I am attempting to impute Null values with an offset that corresponds to the average of the row df[row,'avg'] and average of the column ('impute[col]'). Is there a way to do this that would make the method parallelize with .map? Or is there a better way to iterate through the indexes containing Null values?
test = pd.DataFrame({'a':[None,2,3,1], 'b':[2,np.nan,4,2],
'c':[3,4,np.nan,3], 'avg':[2.5,3,3.5,2]});
df = df[['a', 'b', 'c', 'avg']];
impute = dict({'a':2, 'b':3.33, 'c':6 } )

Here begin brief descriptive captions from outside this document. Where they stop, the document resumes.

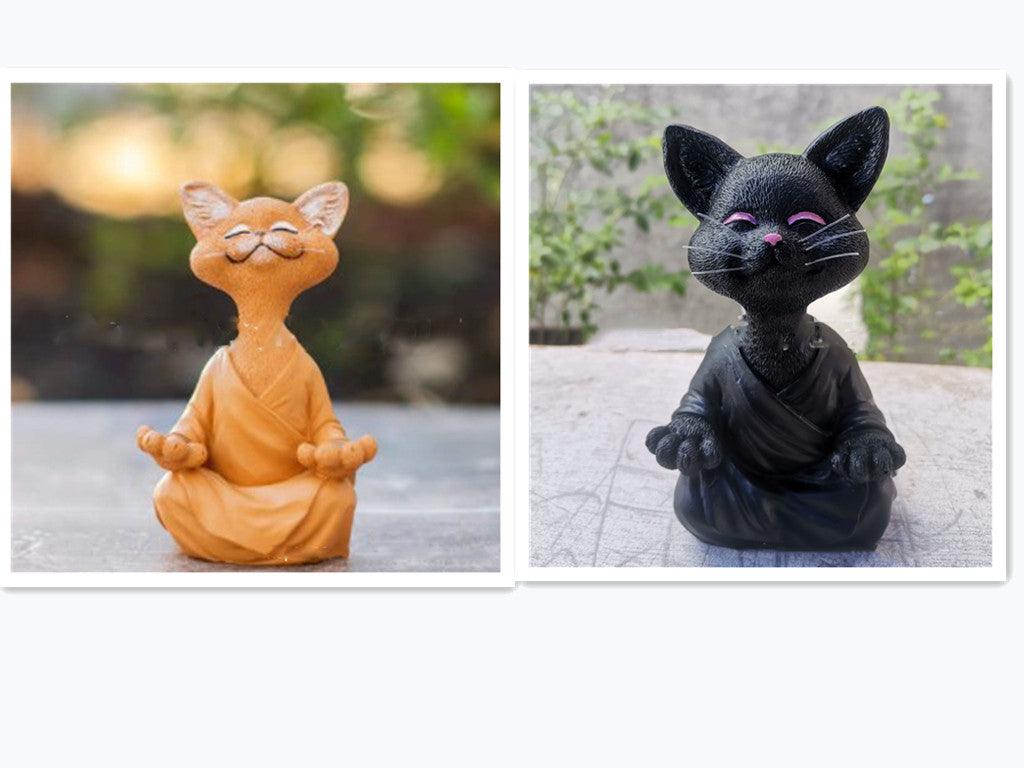 Playful Black Buddha Cat Figure Meditation Yoga Collectible Happy Cat Decor Home Garden Decoration Garden Ornament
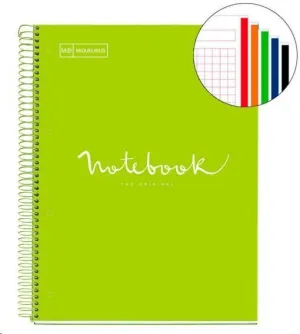 MIQUEL RIUS NOTEBOOK A-4 TAPA EXTRA DURA CUADRO 5X5MM 120H 90GR EMOTION LIMA 46078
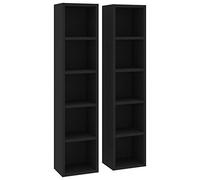 Scaffali Porta CD 2 pz Neri 21x16x93,5 cm in Truciolato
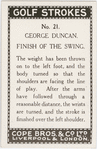 George Duncan. Finish of the swing.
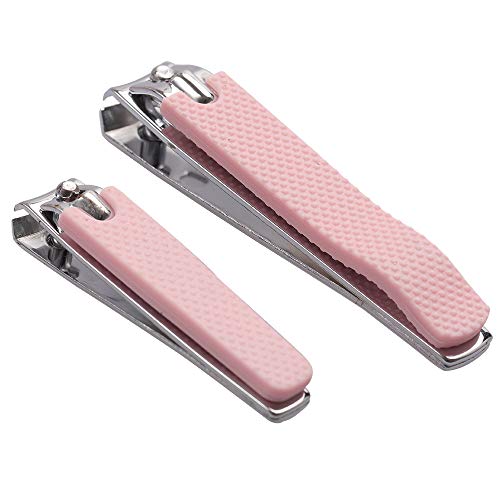 Pink Rocutus 2pcs Nail Clippers Set Portable Manicure & Pedicure Tools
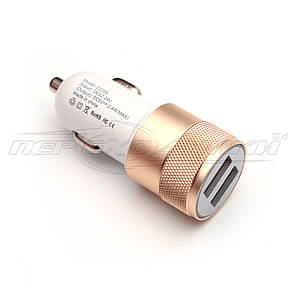 Автомобільний зарядний пристрій USB 2.4 A (2USB), gold, фото 2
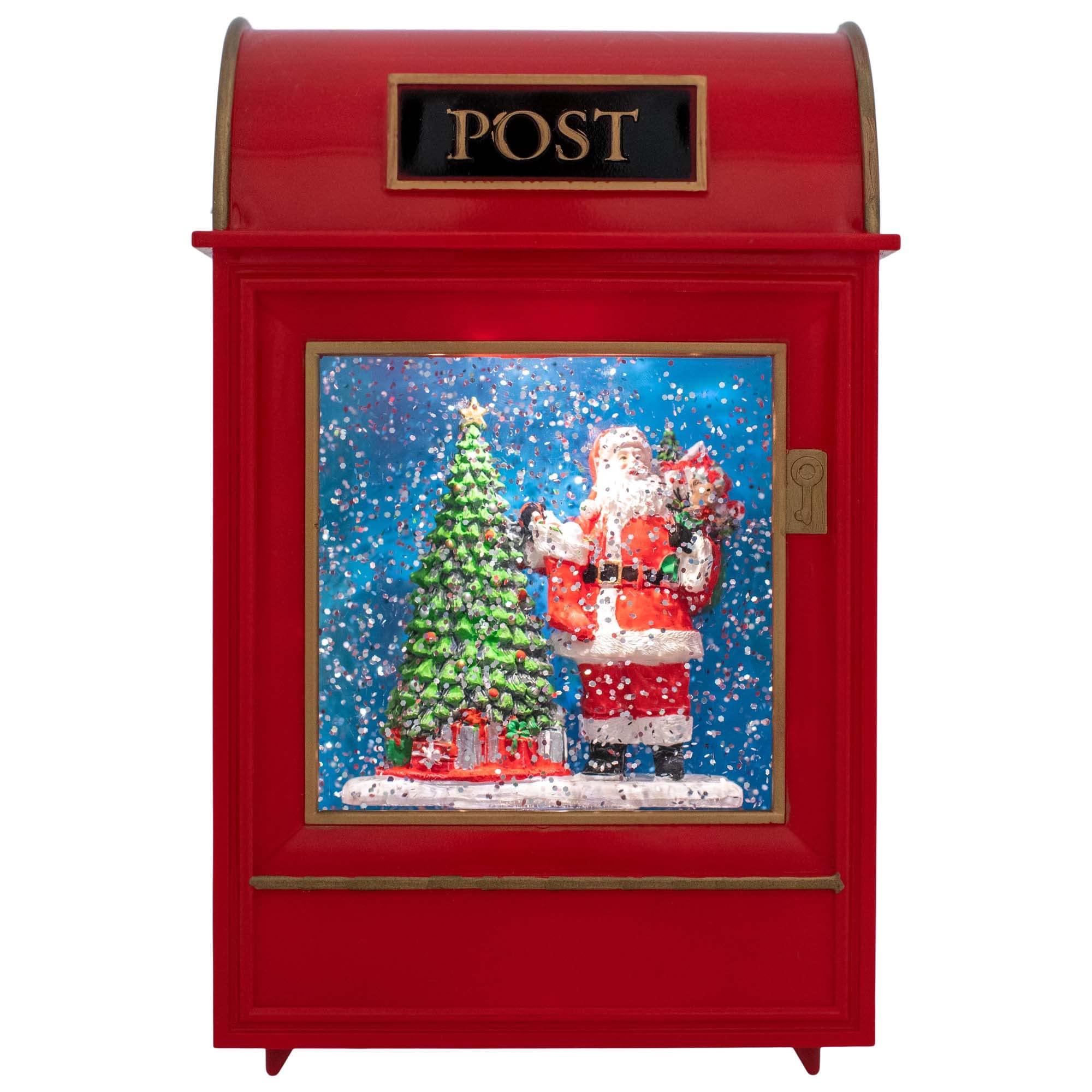 Festive Red Santa Mailbox Musical LED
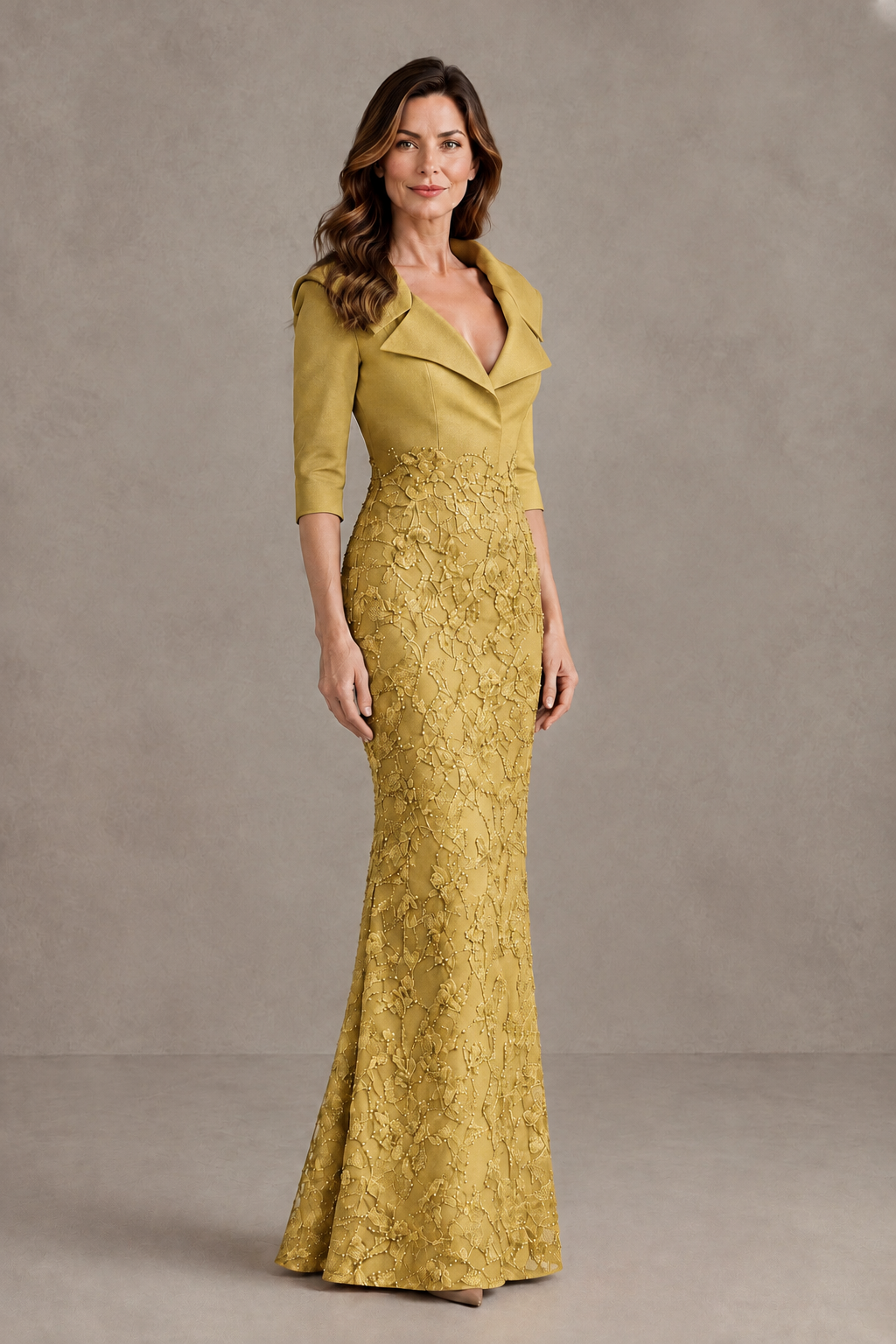 BOLODOO Gold Three-Quarter Sleeve Mermaid Evening Dress with Floral Detail - Gold - Gold_03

def smarterImpute(df, impute):
df2 = df
for col in df.columns[:-1]:
for row in test.index:
if pd.isnull(df.loc[row,col]):
df2.loc[row, col] = impute[col]
+ (df.loc[:,'avg'].mean() - df.loc[row,'avg'] )
return print(df2)
smarterImpute(test, impute)
Notice that in your 'filling' expression:
impute[col] + (df.loc[:,'avg'].mean() - df.loc[row,'avg']`
The first term only depends on the column and the third only on the row; the second is just a constant. So we can create an imputation dataframe to look up whenever there's a value that needs to be filled:
impute_df = pd.DataFrame(impute, index = test.index).add(test.avg.mean() - test.avg, axis = 0)
Then, there's a method in called .combine_first()
that allows you fill the NAs in one dataframe with the values of another, which is exactly what we need. We use this, and we're done:
test.combine_first(impute_df)
With pandas, you generally want to avoid using loops, and seek to make use of vectorization.